The Review Group also recommended keeping the leave stage. But unlike the Law Reform Commission, it recommended raising the bar, tightening the filter’s weave, imposing a high(er) standard on the applicant at the leave stage.
The standard for leave
To get leave for common law judicial review applicants have to show that they have an arguable case. Legislation for some kinds of judicial review provides that leave can only be given when the applicant establishes ‘substantial grounds’. The Review Group thought this didn’t go far enough. For common law judicial review, it recommended that the court should give leave only when the applicant satisfies it that the claim has both ‘substantial grounds’ and a ‘reasonable prospect of success’. And it recommended considering ‘reasonable prospect of success’ as a layer in the filter for statutory judicial review too.
- leave to apply for judicial review
- an interlocutory injunction (in ordinary litigation).
To obtain an interlocutory injunction (a court order usually preventing the other party from doing something, until trial and judgment), you do not have to convince the court that the case has a reasonable prospect of success, or even substantial grounds; not even a prima facie case.

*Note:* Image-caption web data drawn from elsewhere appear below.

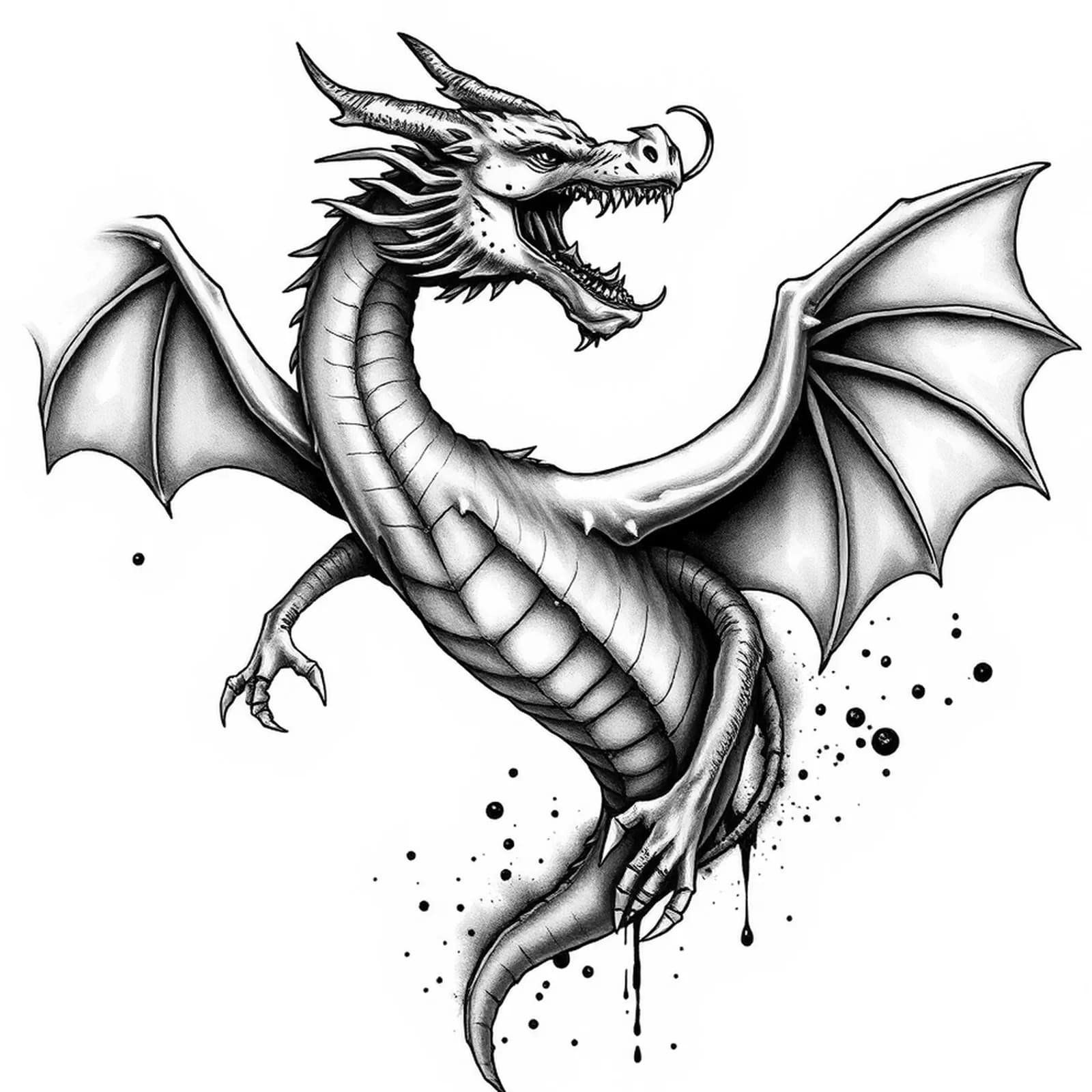 3D Dragon Bursting from Chest tattoo design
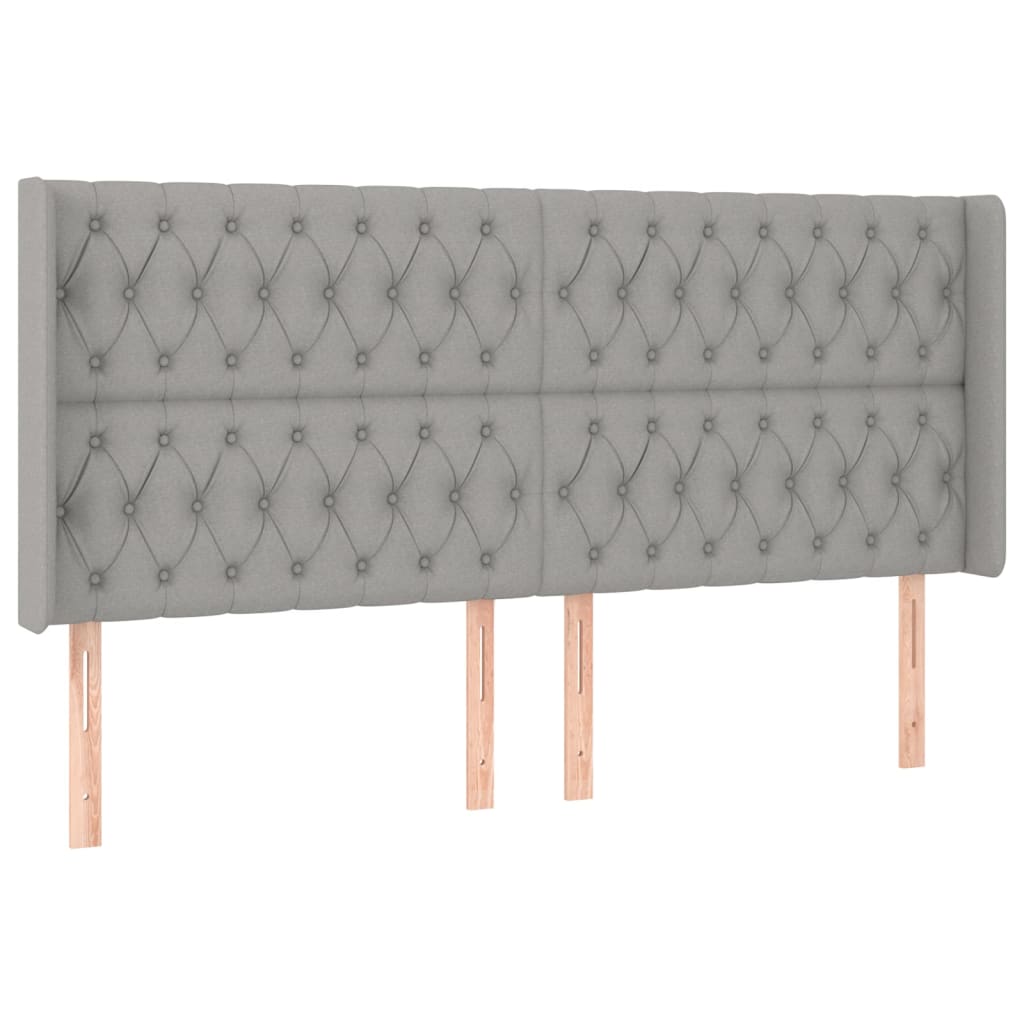 Tête de lit à LED Gris clair 183x16x118/128 cm Tissu Têtes et pieds de lit vidaXL   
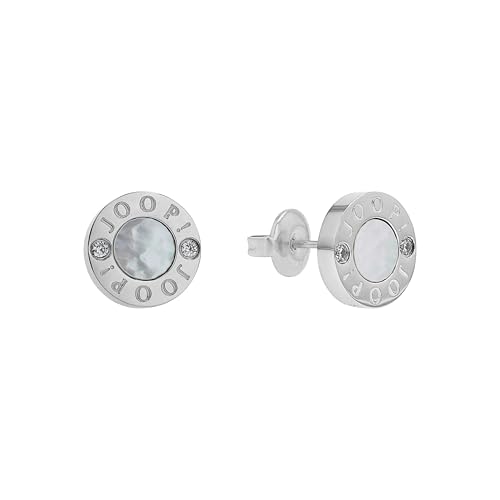 JOOP! Ohrstecker Edelstahl Perlmutt Damen Ohrschmuck, mit Zirkonia synth., 1 cm, Weiß, Kommt in Schmuck Geschenk Box, 2039777 von Joop!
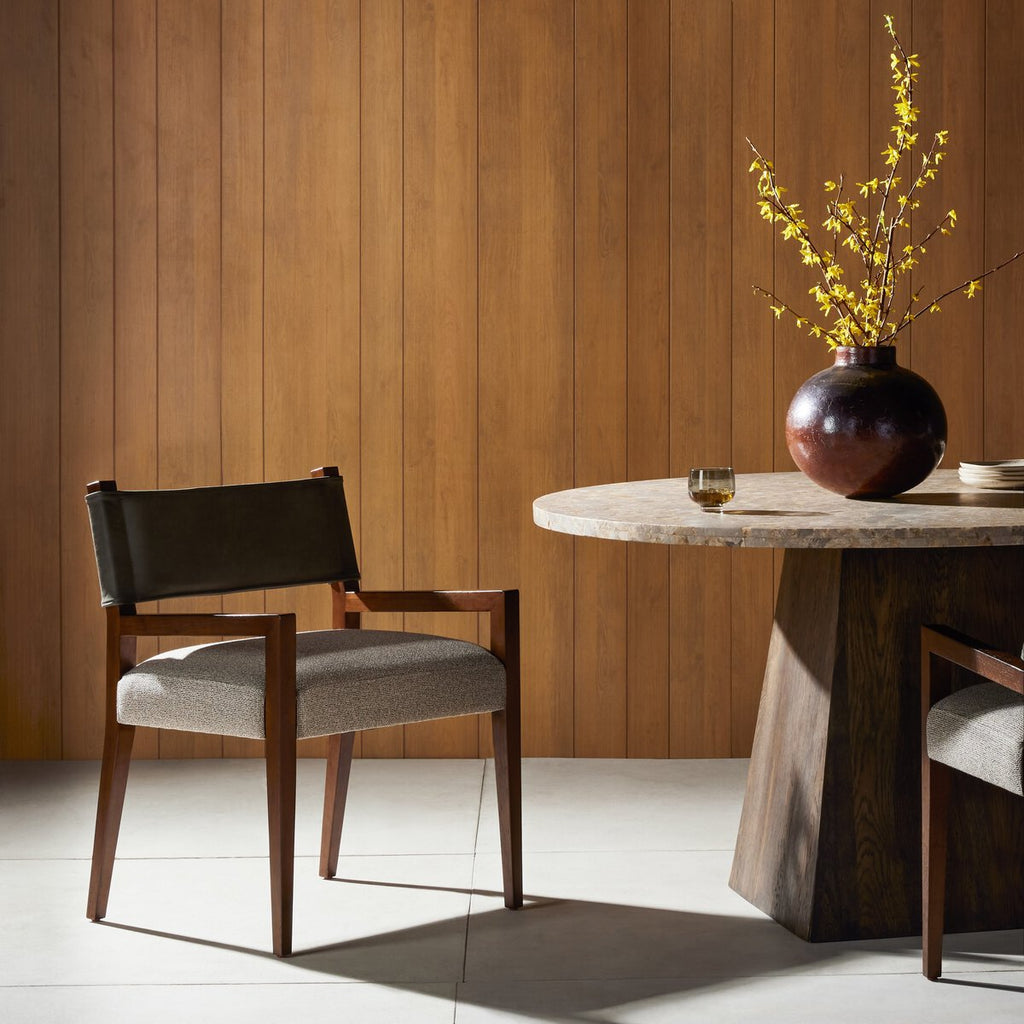 Ferris Cuero Top / Lino Gris Descansa-Brazos Silla de Comedor
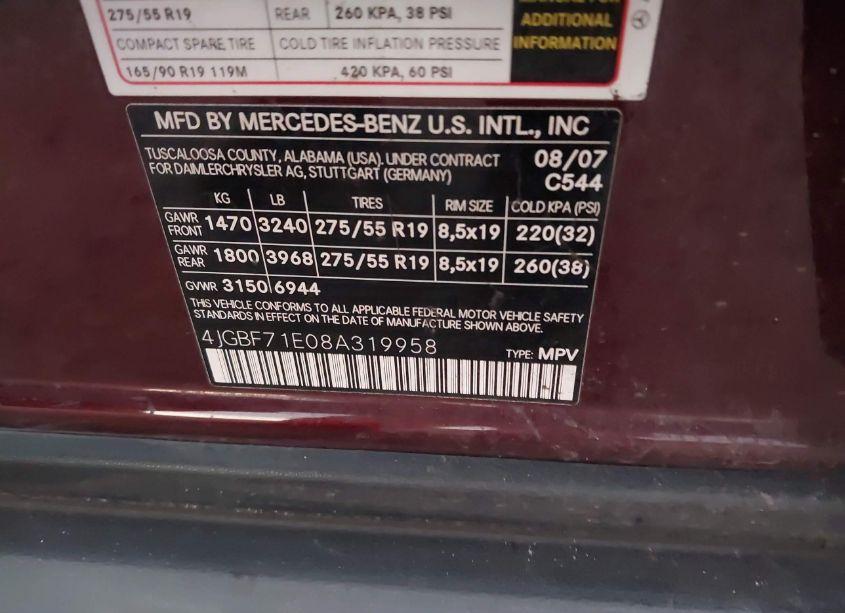 Photo 9 of 2008 Mercedes-benz Gl 450 4MATIC (VIN 4JGBF71E08A319958)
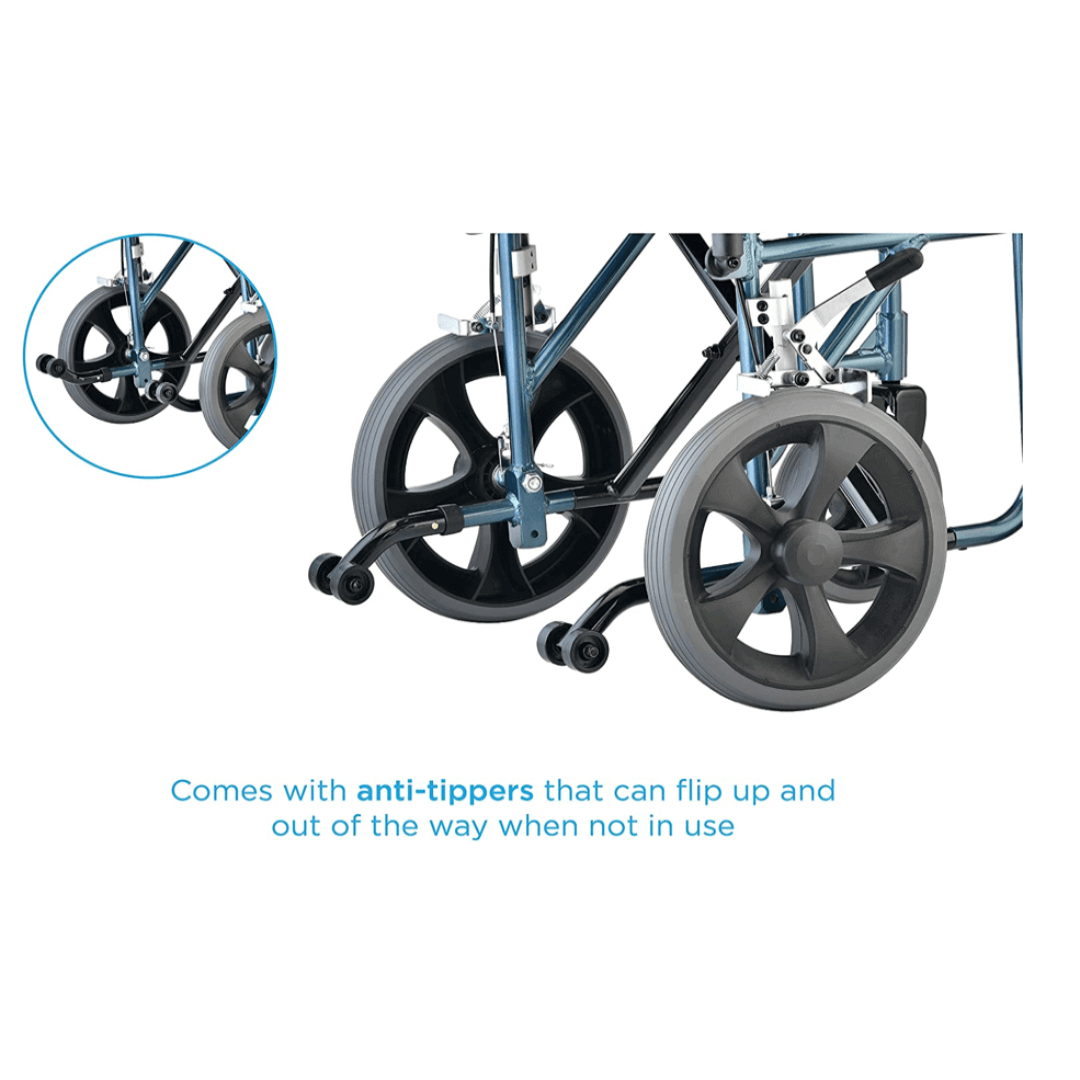 Bariatric Transport Chair wheel anti-tippers
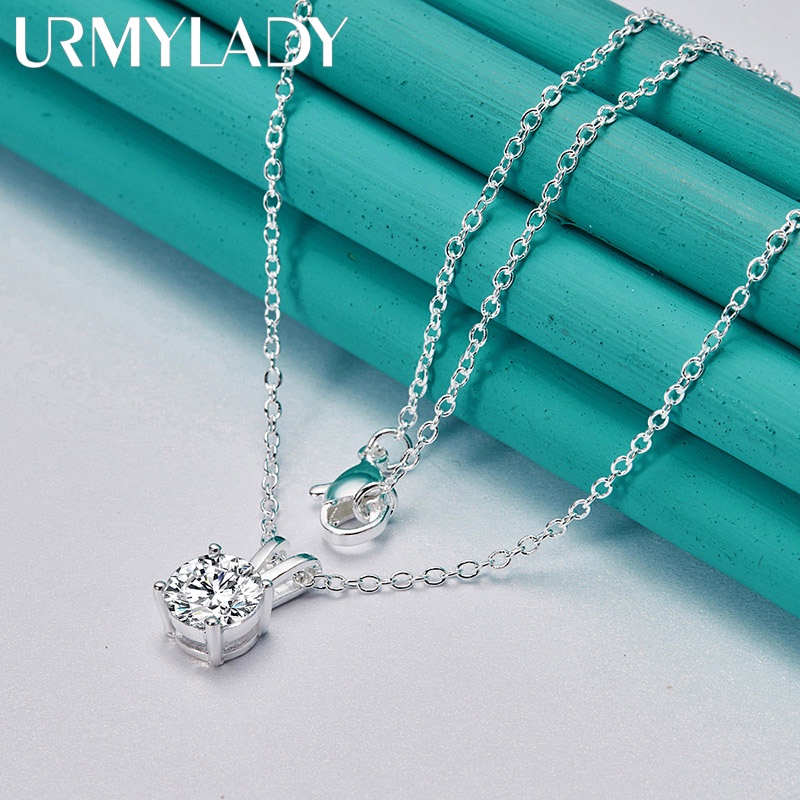 Bạc 925 8mm AAA Zircon Mặt Dây Chuyền Vòng Cổ 16 / 18 / 20 / 22 / 24 / 26 / 30 Inch Dây Xích Dành Cho Người Phụ Nữ Quyến Rũ Trang Sức Cưới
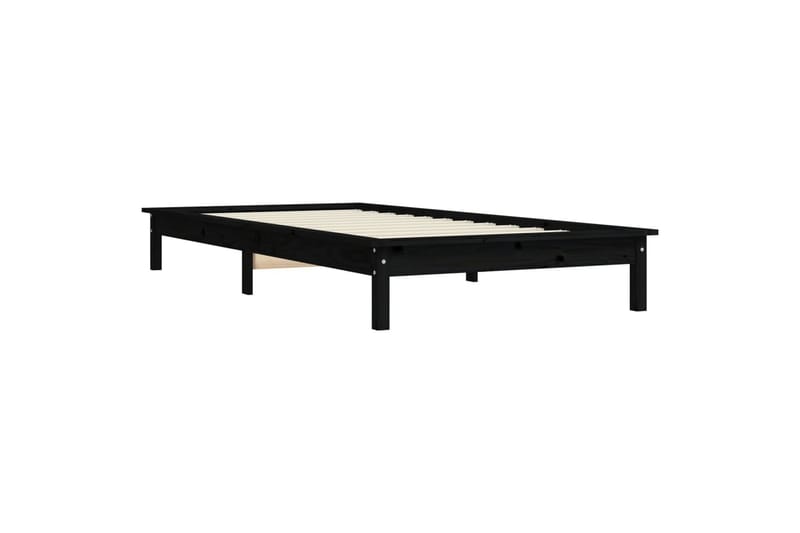 beBasic sengeramme 100x200 cm massivt fyrretræ sort - Sort - Møbler - Senge - Sengeramme & sengestel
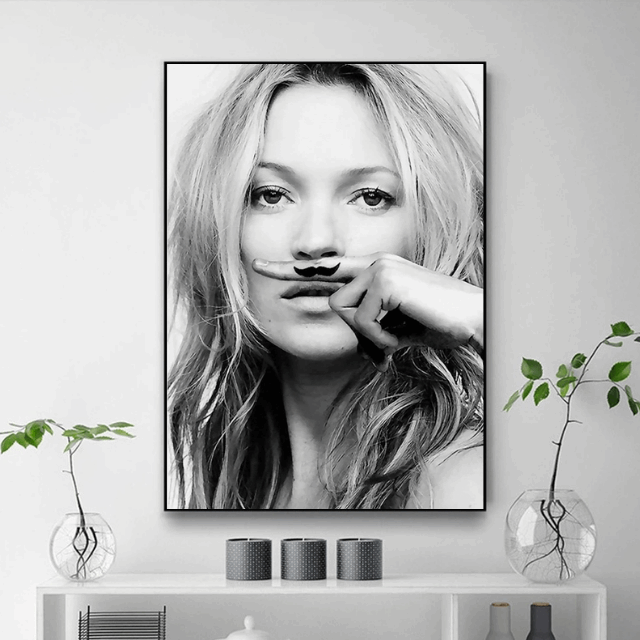 Tableau Kate Moss Moustache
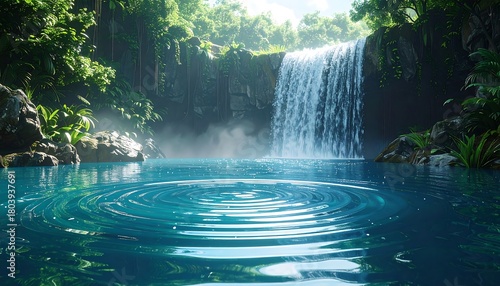 Fototapeta Naklejka Na Ścianę i Meble -  A serene tropical scene featuring a waterfall cascading into a crystal-clear, blue pool. Lush green foliage surrounds. Sunlight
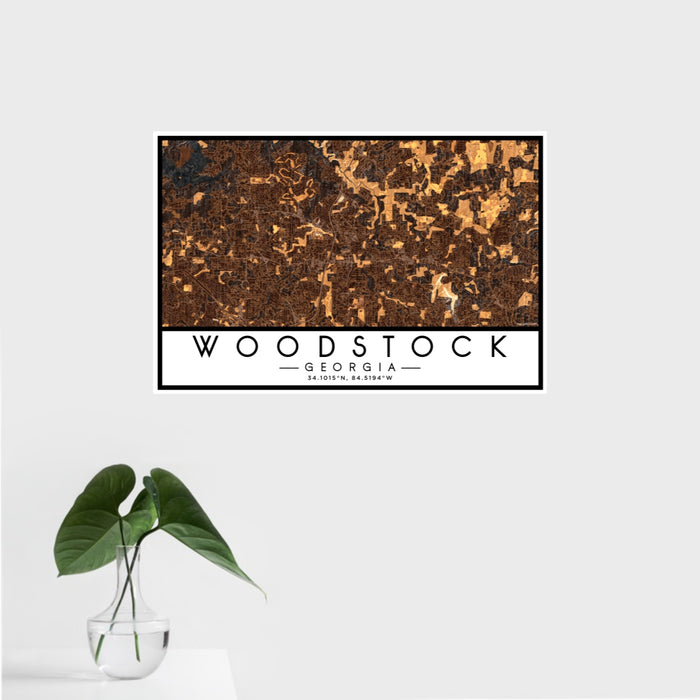 16x24 Woodstock Georgia Map Print Landscape Orientation in Ember Style With Tropical Plant Leaves in Water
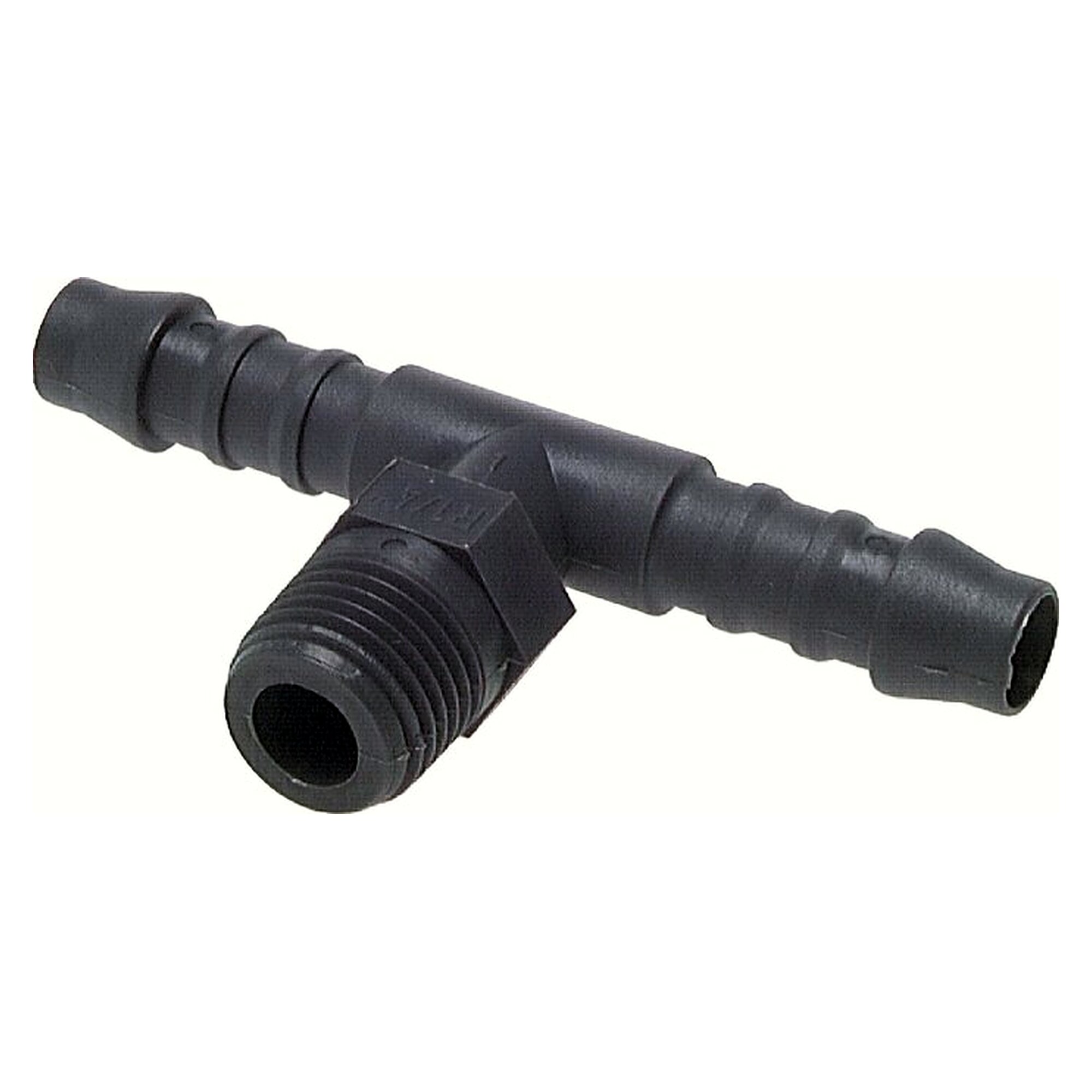 Tee hose nozzle with thread, R 1/4", hose connection 6 (1/4") mm, polyamide PA 6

As far as the merits of the claim are concerned, you only need show that there is a fair question to be tried. Then, if the balance of justice favours it, the court will issue an interlocutory injunction until trial.
Differences, even anomalies, are inevitable in an array of remedies that has developed over hundreds of years. A review of the system gives an opportunity to establish some coherence.
Standing
Applicants for judicial review have to show that that they have a ‘sufficient interest in the matter to which the application relates’. The Review Group proposes to raise the bar from ‘sufficient’ to ‘substantial’ interest.
The report is very brief on this, just a few lines giving one reason: the change would accord with a number of statutory provisions. The only one cited is the Transport (Railway Infrastructure) Act 2001, §47 A(2)(b). The reference is to the amendment made by the Planning and Development (Strategic Infrastructure) Act 2006, §49, which added the the ‘substantial interest’ requirement. But it was changed to ‘sufficient interest’ in the European Union (Access to Review of Decisions for Certain Bodies or Organisations Promoting Environmental Protection) Regulations 2014 (SI 352/2014) reg 10. That was to give effect to Directive 2003/25 EC, part of the legislation to implement the Aarhus convention.
The State must have considered that the higher ‘substantial interest’ requirement did not comply with Ireland’s EU and international obligations.
Other matters
The report suggests that judicial review should not be available to rectify minor errors unless the applicant has first tried to have the court or body that made the decision fix the error. Where this solution is available (it isn’t always), it is sensible.
There is usually a time limit of three months to apply for judicial review. There is a debate about whether this means three months to file an application in the High Court Central Office (like most time limits), or three months to stand up in court and make an ex parte application for leave. Helpfully, the report recommends that the requirement should be three months to file the leave application (which should then be listed for hearing on the next available date).
And the report recommends a (much-needed) tightening-up of time limits and procedures to avoid delay in hearing of applications once leave is given.